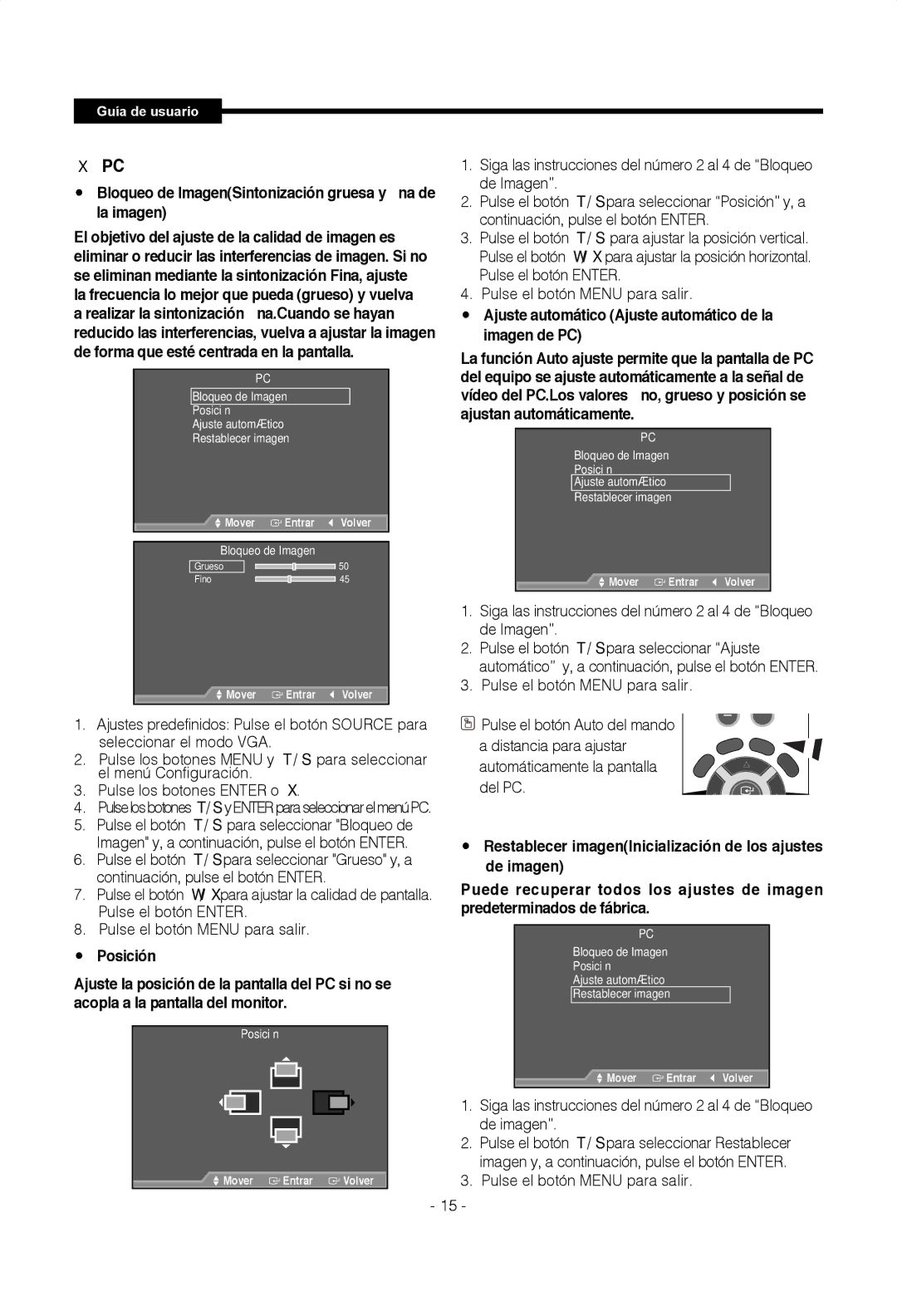 Samsung SMT-1722P Bloqueo de ImagenSintonización gruesa y ﬁna de la imagen, Pulse el botón Para seleccionar Bloqueo de 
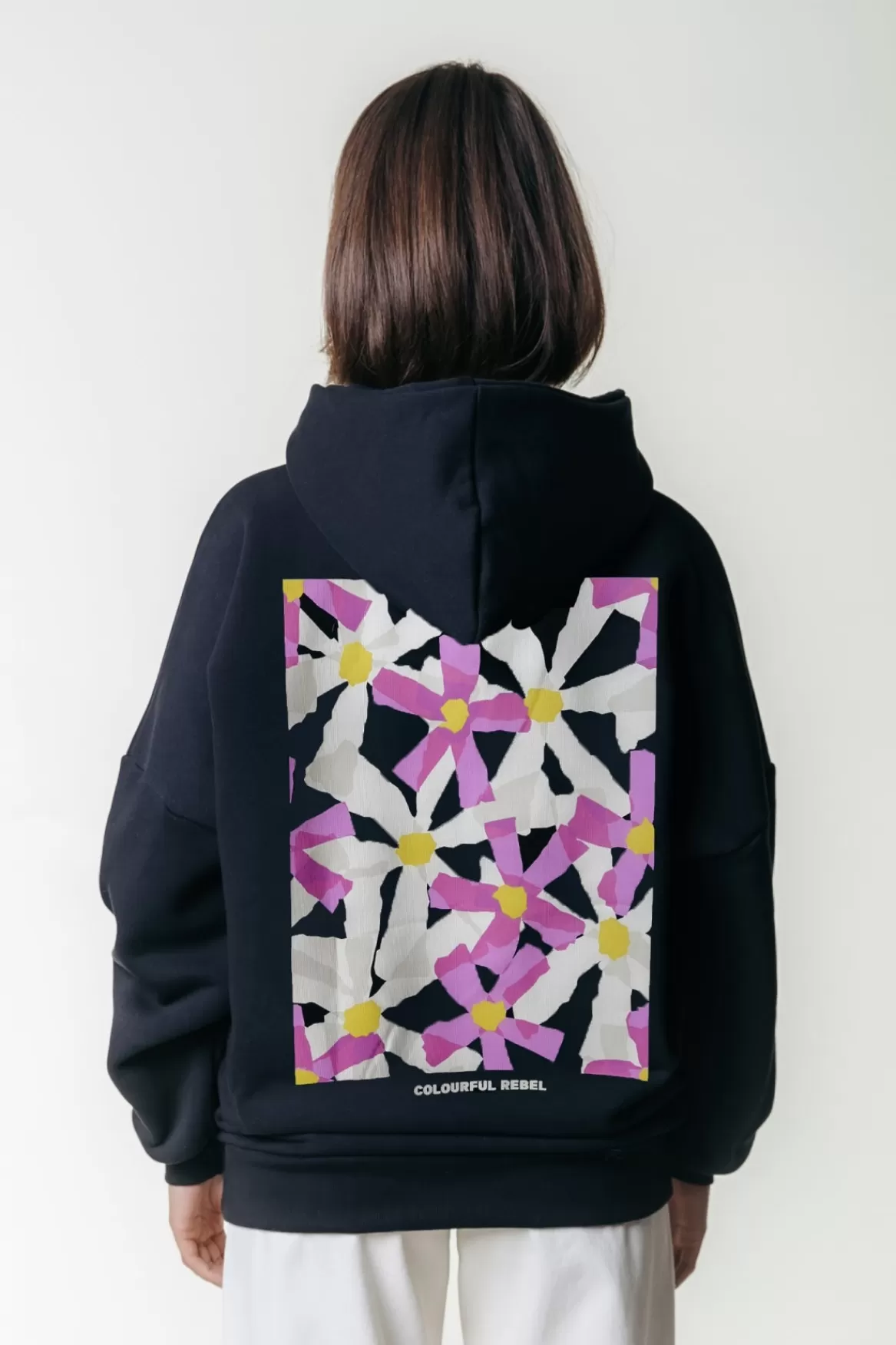 Colourful Rebel Flower Square Hoodie |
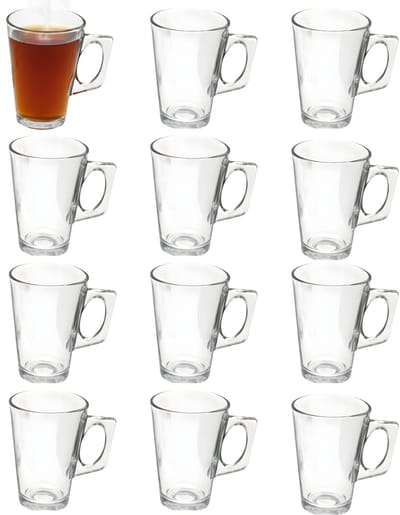 Gerimport Thee bekers / mokken - 12x stuks - glas - 255 ml - thee momentjes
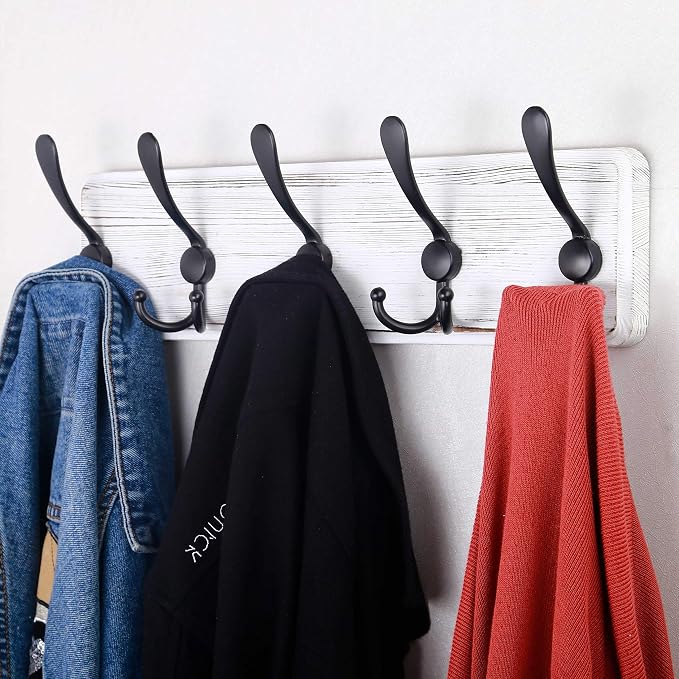 SKOLOO Rustic Wall Mounted Coat Rack: 16" Stud Spacing, Pine Real Wood Plank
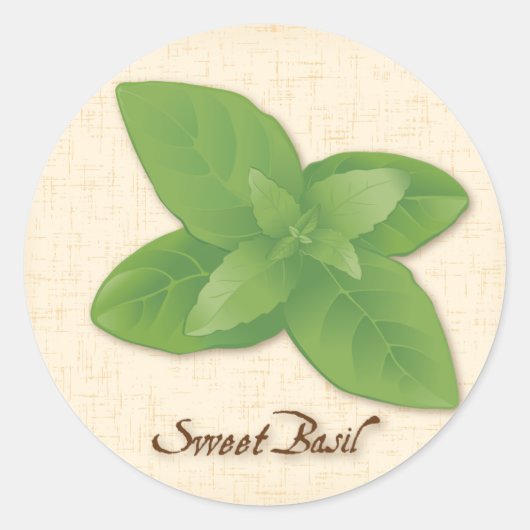 Sweet Basil Herb Ronde Sticker (Voorkant)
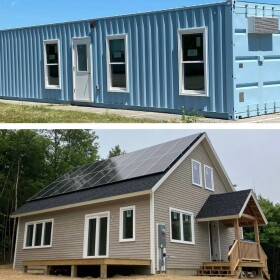Blue shipping container housing unit; new taupe-colored modular home with solar panels on roof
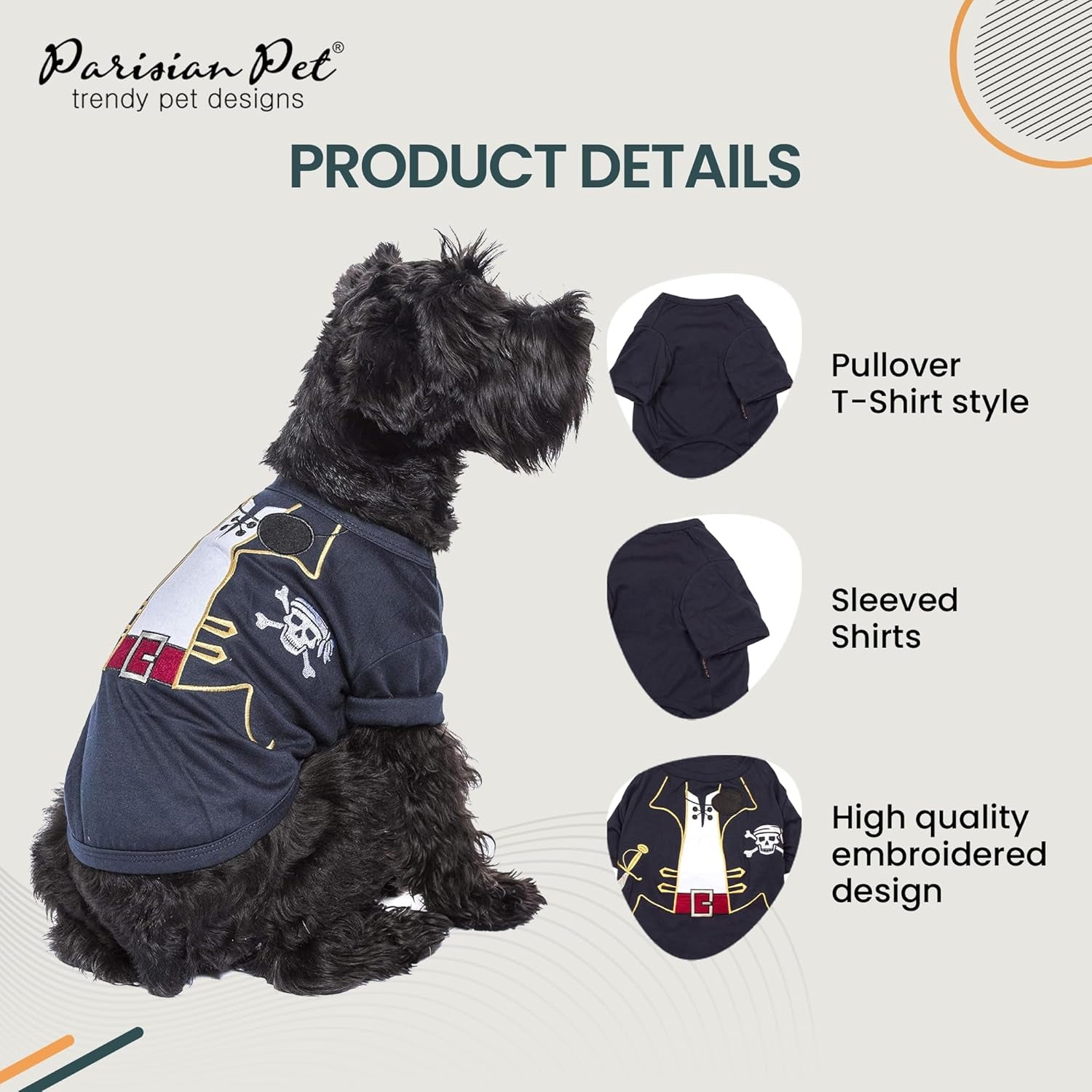 Dog Pirate Costume - Pirate Halloween Costume - Halloween Shirts for Dogs - Dog Pirate Shirt - Puppy Halloween Costumes - Pet Costumes - Sleeved Pet Costume for Large Dogs - 3XL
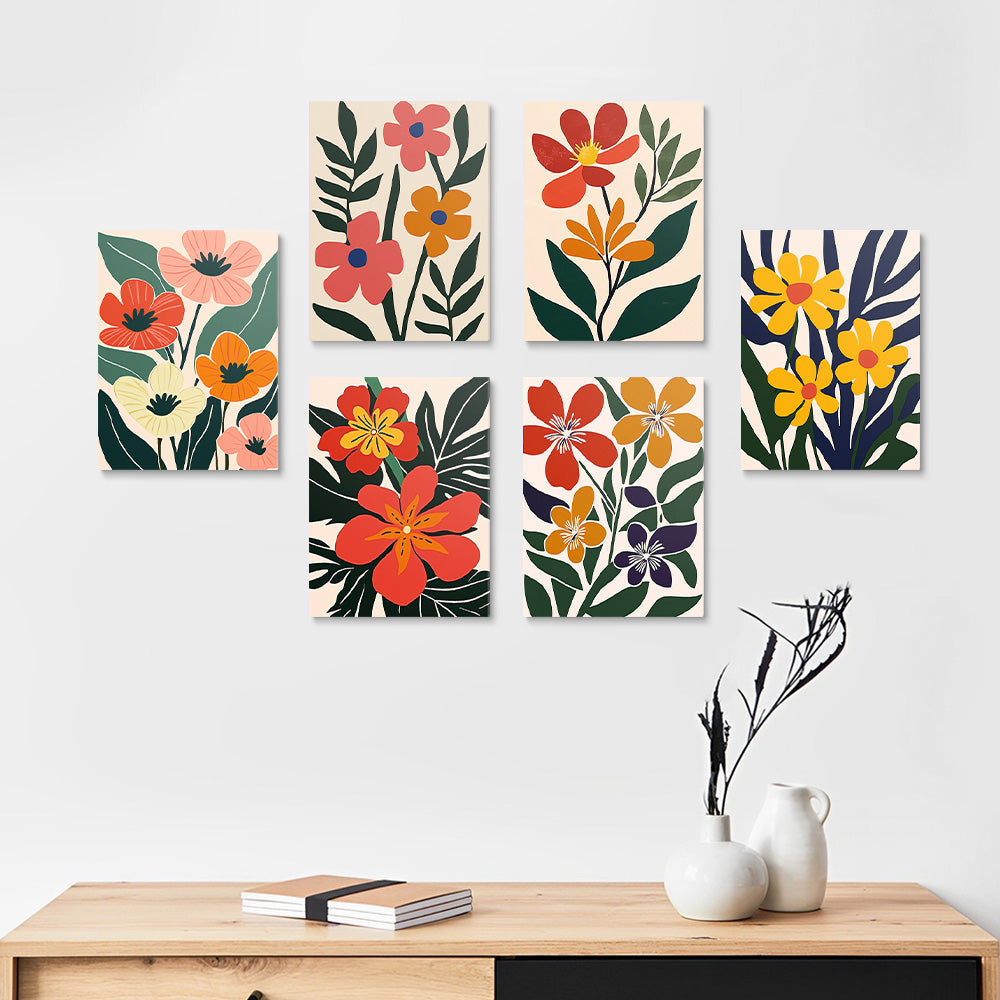 Flowers and Green Leaves 6 Pieces Mini Paint by Numbers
☆ ☆ ☆
Requirement: Your task is to repeat exactly the lines from the beginning of the data to the line that contains "SKOLOO Rustic Wall", both ends included, leaving out pictures.

Task solution:
 Samsung SMT-1722P Bloqueo de ImagenSintonización gruesa y ﬁna de la imagen, Pulse el botón Para seleccionar Bloqueo de 
 Colourful Rebel Flower Square Hoodie |
 Gerimport Thee bekers / mokken - 12x stuks - glas - 255 ml - thee momentjes
 SKOLOO Rustic Wall Mounted Coat Rack: 16" Stud Spacing, Pine Real Wood Plank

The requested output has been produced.